Speak No Evil

di Christian Tafdrup (Danimarca/Paesi Bassi, 2022)

Dopo essere approdato lo scorso inverno sugli schermi del Sundance Festival, “Speak No Evil” ha cominciato a far parlare di sé anche dalle nostre parti, grazie a un intenso passaparola tra i cultori del genere: aspettative piuttosto alte dunque, deluse solo in parte da qualche forzatura eccessiva nello sviluppo della trama. Nulla di compromettente però, perché quello del danese Christian Tafdrup è un thriller capace di sconvolgere lo spettatore, soprattutto nella cruciale svolta horror presente negli ultimi trenta minuti di pellicola.
Le vicende prendono vita in Toscana, dove due coppie in vacanza si incontrano in maniera più o meno casuale: conosciamo sia i danesi Bjørn e Louise (con la piccola Agnes al seguito) che gli olandesi Patrick e Karin, entrambi simpatici e spigliati (al contrario del loro figlioletto, un ragazzino impossibilitato a parlare per via di una rara sindrome). Nonostante tra i quattro protagonisti nasca un’amicizia alquanto flebile, l’occasione per rivedersi non tarda a sopraggiungere, poiché tempo dopo Bjørn e Louise vengono invitati nella casetta di campagna di Patrick e Karin, nei Paesi Bassi. Cuocendo la storia a fuoco lento, il regista danese mette a confronto due modelli familiari completamente differenti (durante le giornate trascorse insieme, emergono alcuni contrasti persino inquietanti), fino all’esplosione horror di cui sopra, persino inaspettata nelle sue malsane e disturbanti rivelazioni.
“Speak No Evil” ci permette di riflettere sul potere della manipolazione di una persona carismatica nei confronti di un’altra più remissiva e malleabile: è il medio-borghese Bjørn a permettere che accada il peggio, perché un uomo senza spina dorsale non può che finire sopraffatto dal male.
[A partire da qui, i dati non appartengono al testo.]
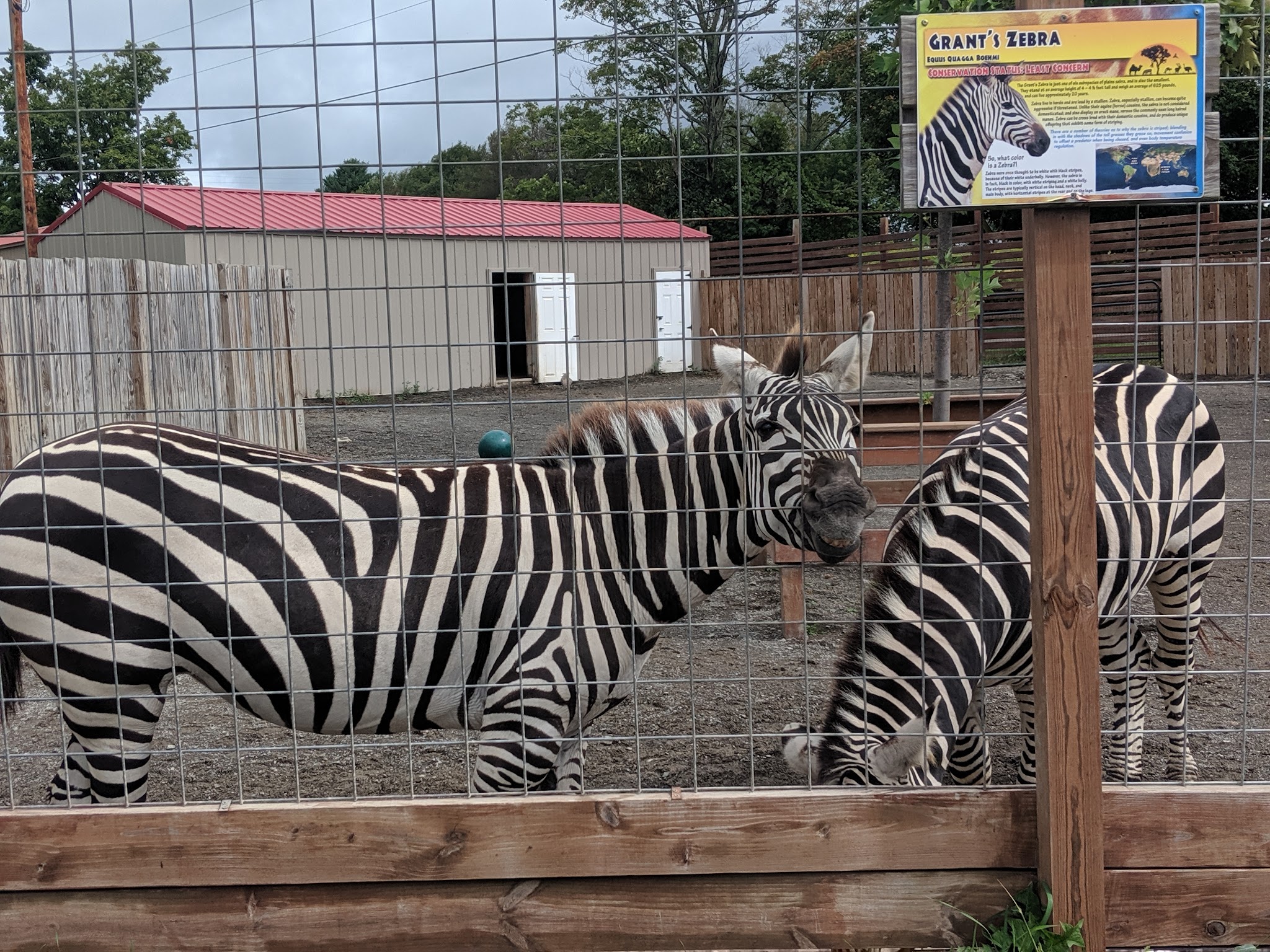 Animal Adventure Park - Harpursville, NY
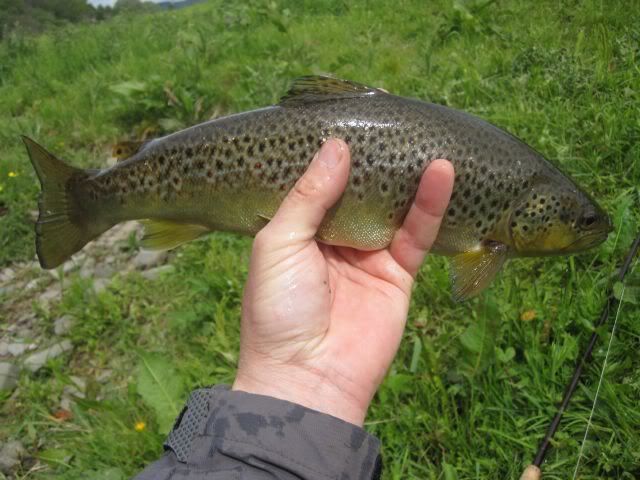 fishinscotland,scotland,fishing,brown trout,fly fishing,river fishing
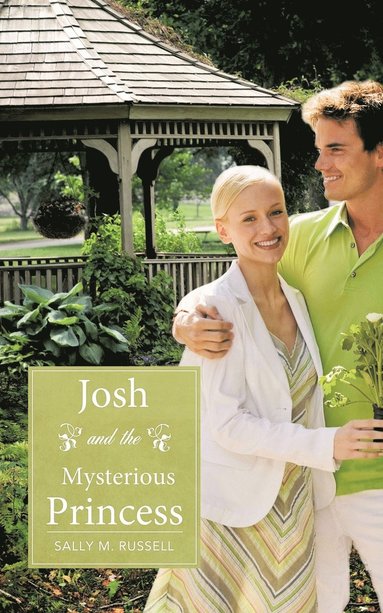 bokomslag Josh and The Mysterious Princess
Sotto questo punto di vista, le intenzioni di Christian Tafdrup colpiscono perfettamente il bersaglio, tenendoci incollati allo schermo grazie a una tensione latente giocata molto a livello psicologico (le buone interpretazioni del quartetto avvalorano tali sensazioni). “Speak No Evil” si focalizza così sui comportamenti, sui malintesi e su alcune situazioni ambigue, portando silenziosamente allo scoperto un orrore destinato a esplodere con tutta la sua forza.
È un peccato quindi dover assistere a una scena (in particolare) veramente tirata per i capelli, quando forse sarebbe stato opportuno incanalare gli eventi con maggior naturalezza, senza dover ricorrere a un risibile quanto repentino cambio di rotta (ci riferiamo alla sequenza del peluche, con relativi sbalzi di umore successivi tutt’altro che credibili). Il risultato conclusivo è senza dubbio efficace, però si sente che manca qualcosa per gridare al miracolo: “Speak No Evil” resta comunque un prodotto di valore, anche solo per l’idea malvagia che accompagna questa lenta ma necessaria discesa all’inferno. Mai fidarsi del prossimo.